La catastrophe est généralisée. Les héritages rejetés finissent sans héritiers. Les parents morts font des enfants morts. Le idéaux délaissés meurent sans fracas, dans un gémissement. Nous devrions comme les Troyennes entonner la plainte d‘une race finissante qui égrène ses derniers instants. Les valeurs scintillent de leurs reflets pâlots dans un ciel de significations molles. Mais tout homme est infini. Car tout homme porte en lui une espérance, c’est-à-dire une liberté fondatrice qui se révèle comme le socle intérieur sur lequel il s’appuie pour se dédier à la mise en ordre de son monde. Sa liberté commence en lui-même et rayonne vers le monde immédiat sur lequel son intelligence et sa sensibilité peuvent agir avec discernement. Elle se dissout dan la rêverie d’un salut collectif et s’atrophie dans le cocon d’une vie individuelle sans idéal. Sauf à s’y soustraire par un courage héroïque, il est difficile de se déprendre de la modernité tardive où nous sommes ; elle est à la fois notre horizon et notre fardeau. « La première question qui se pose quand on a constaté que le monde en son ensemble est mauvais est de savoir ce que nous y pouvons. (5)» La liberté commence avec la prise conscience de ce pouvoir qui est en nous, non pas ce pouvoir abstrait et mégalomane qui enivre l’homme fini, mais ce pouvoir simple et sans bruit que l’on affirme en coltinant, jour après jour, le poids de sa petite étoile.

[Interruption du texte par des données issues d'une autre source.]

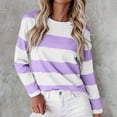 thumbnail image 2 of ManxiVoo T-Shirt à Manches Longues à Rayures Imprimées pour Femme, Col Rond, Confortable, T-Shirt Graphique d'Automne, Blouse Légère, Taille g, Violet, 2 of 5
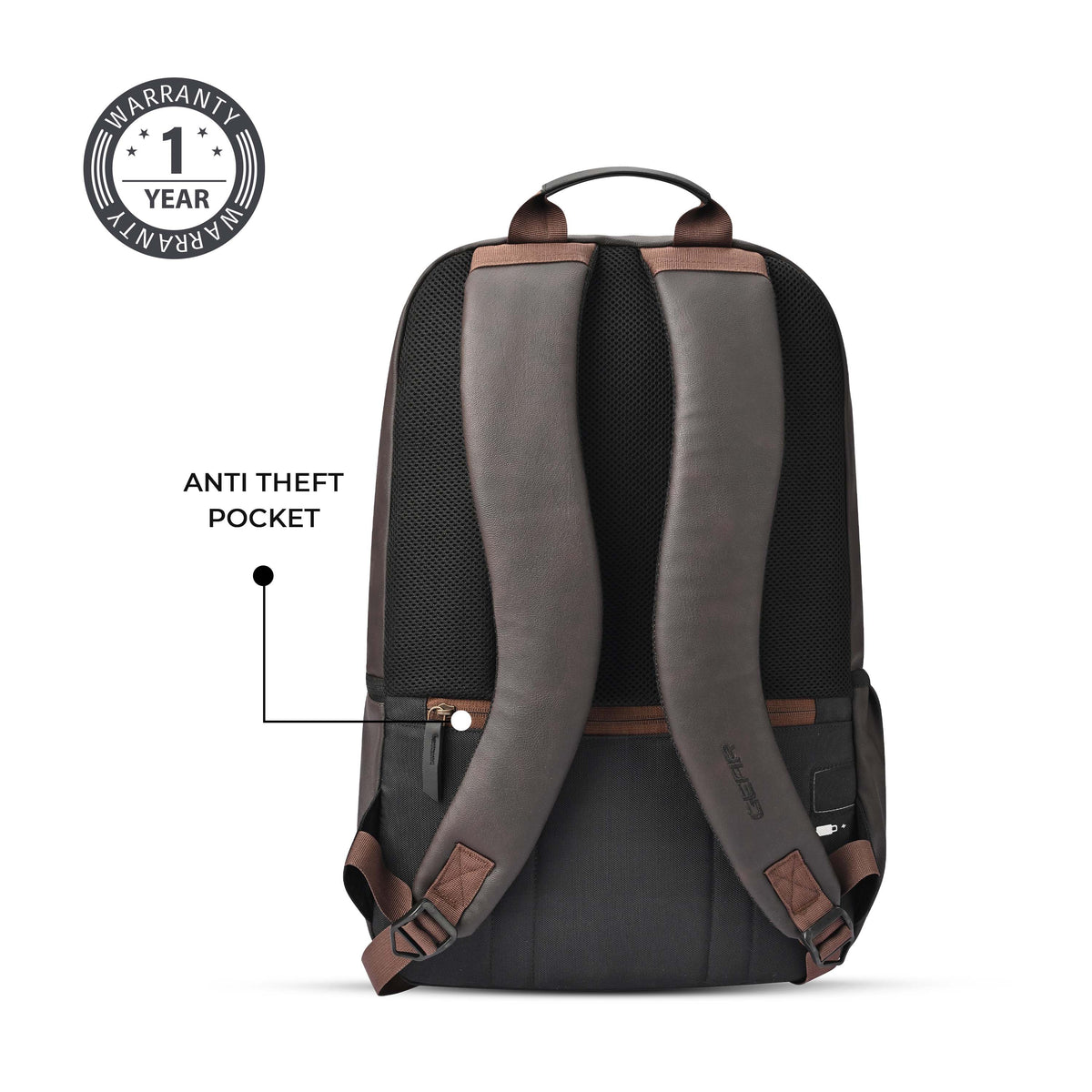 Gear Classic 4 19"/31L Medium Faux Leather Anti Theft Laptop Backpack | Casual | Travel | College Bag For Men/Women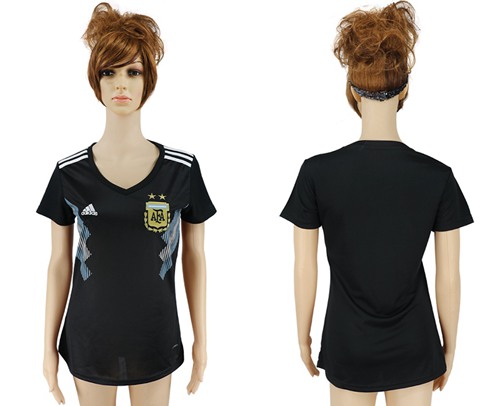 Women's Argentina Blank Away Soccer Country Jersey Women's Argentina Blank Away Soccer Country Jersey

Qui cherche la grandeur sait se discipliner ;

C’est en se limitant que s’affirme le maître,

Et que la liberté, fille des lois, peut naître.

Tandis que l’habillent le polyester et la viscose, le transportent des carlingues en alliage d’acier, l’isolent des parois de polystyrène et de fibre de verre, l’oxygène un air climatisé fauteur de sinusites, l’alimentent des plats conditionnés riches en succédanés et préservateurs, l’homme fini rêve toujours à une vie sans fard ni artifice.

Le monde, monotone et petit, aujourd’hui,

Hier, demain, toujours, nous fait voir notre image :

Une oasis d’horreur dans un désert d’ennui !

La distance et le temps sont vaincus. La science

Trace autour de la terre un chemin triste et droit.

Le monde est rétréci par notre expérience,

Et l’Equateur n’est plus qu’un anneau trop étroit.

Plus de hasard. Chacun glissera sur sa ligne,

Immobile au seul rang que le départ assigne,

Plongé dans un calcul silencieux et froid.

Tout progrès engendre sa servitude, et la modernité ne fait qu’étendre cette loi d’airain. « Comment trouver place sur une terre agrandie par la puissance d’ubiquité, et rétrécie par les petites proportions d’un globe souillé partout ? (9) » Il faut briser le cercle enchanté et entamer notre « percée vers le réel (10) » . C’est une oeuvre à la portée d’une minorité, réalisable en marge du mouvement général de la société. Pour revigorer ce qui reste à l’homme de liberté réelle, il faudra « construire des cloîtres rigoureusement isolés où ni les ondes, ni les feuilles n’entreront. (11) » « Chaque homme renferme en soi un monde à part, étranger aux lois et aux destinées générales des siècles. (12) » C’est son âme, anima, sa liberté essentielle et réelle – qu’il faut préserver et sauver.